Cue the guttural sound that escaped my lips when I first read this ‘news.’    

“Nothing tastes as good as skinny feels” is just the sort of mantra that women in leg warmers and side ponytails taped to their refrigerators in the 1980s.  And it is just the kind of mantra that did no one any good.  Something that pithy doesn’t remind you at your core who you are.  It doesn’t inspire you to be your best self.  It doesn’t bring you calm in the storm.  It simply taunts you, makes you feel less than, wondering when and how and if you can ever reach the promised, undefined land of skinny.  You can get here, it seems to tell us, as long as you taste nothing.

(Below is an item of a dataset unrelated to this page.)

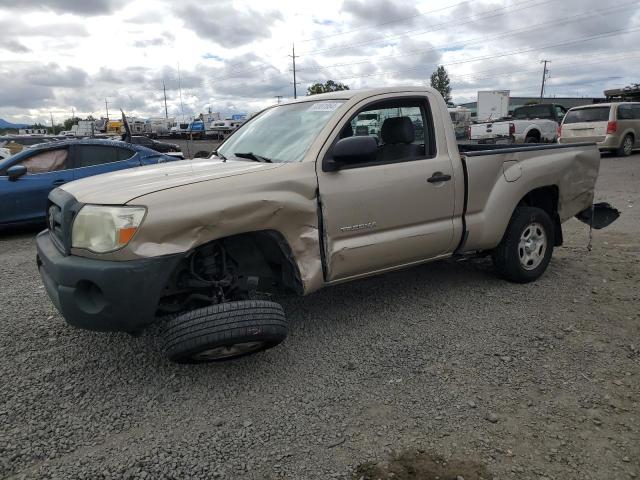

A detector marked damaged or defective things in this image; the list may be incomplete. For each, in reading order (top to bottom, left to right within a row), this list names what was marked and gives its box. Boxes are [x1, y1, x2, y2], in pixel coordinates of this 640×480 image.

And we’ve had just about enough of that kind of message, don’t you think?  Today, one out of every 100 women is anorexic.  Eighty percent of American women are dissatisfied with their appearance.  Seventy-four percent of all girls – yes, even elementary school girls- say they feel pressure to please everyone.  And, yet, this promising insight: 65% of women say that if they could go back in time, they wouldn’t make themselves any skinnier.  They would change the way they felt about themselves.  And that is exactly the choice that we can make today.

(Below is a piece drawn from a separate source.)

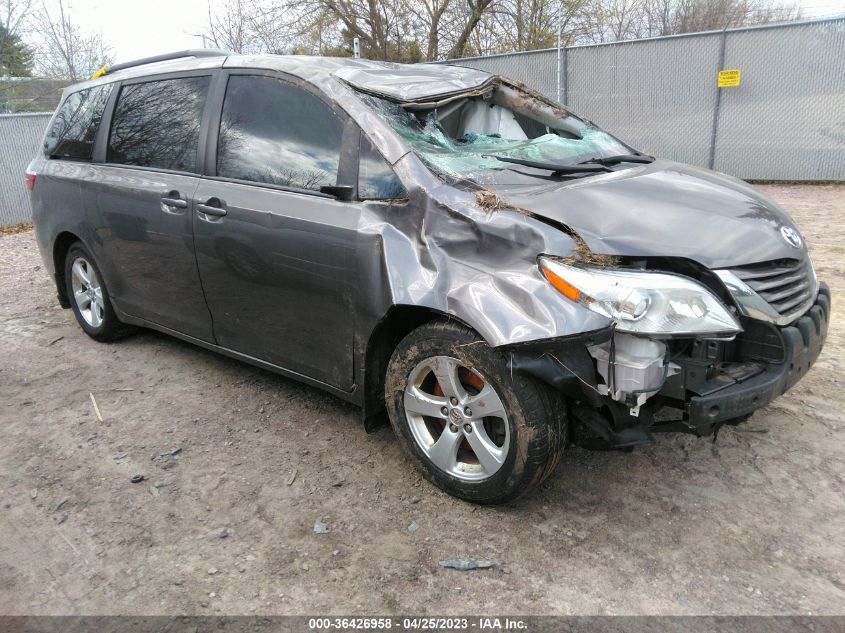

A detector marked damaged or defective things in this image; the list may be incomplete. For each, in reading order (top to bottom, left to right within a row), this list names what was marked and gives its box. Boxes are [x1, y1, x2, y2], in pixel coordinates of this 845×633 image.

Nothing tastes as good as skinny feels, Moss might say.  But isn’t life itself about tasting?  Not just food or drink, but adventure and promise and hope and whimsy and joy.  Isn’t taste really just a metaphor for experiencing, for doing, for feeling?  Doesn’t taste go beyond just being to feeling?

And when we taste life, when we have adventures and experience hope, promise, whimsy, joy, and, yes, even pain, when we challenge ourselves, when we improve, when we face our fears, isn’t that really when we grow, when we become our best selves, when we shine?  When we engage in something bigger than ourselves and our reflection, don’t we begin to change the way we think and feel about ourselves?  And isn’t the promise of that shining moment— the one that should be at the forefront of our mind as we set out to achieve the success of our imagining?  

It’s a new year.  People have made resolutions that they are in the throws of keeping or breaking.  Maybe you resolved to have this be the year that your collarbone rivals Kate Moss’s in its angles, maybe with that thinness you think you’ll finally be happy.  But, here’s the truth.  Achieving happiness is not about standing in front of the bathroom mirror assessing your collarbone.  It is about stepping away from the bathroom mirror and into a life that is so expansive and meaningful that you recognize that the length of your hair, the width of your nose, the curve of your calves are not that significant in the grander scheme of things.  Changing your mind so you begin to understand that what matters is how you engage the world, not the way you look doing it, is one of the most important things you can do on your quest to personal and even professional success.  Turn a deaf ear to advice that will only make you feel less than, and, instead, step into the life of your imagining.  Nothing looks as good as confidence feels.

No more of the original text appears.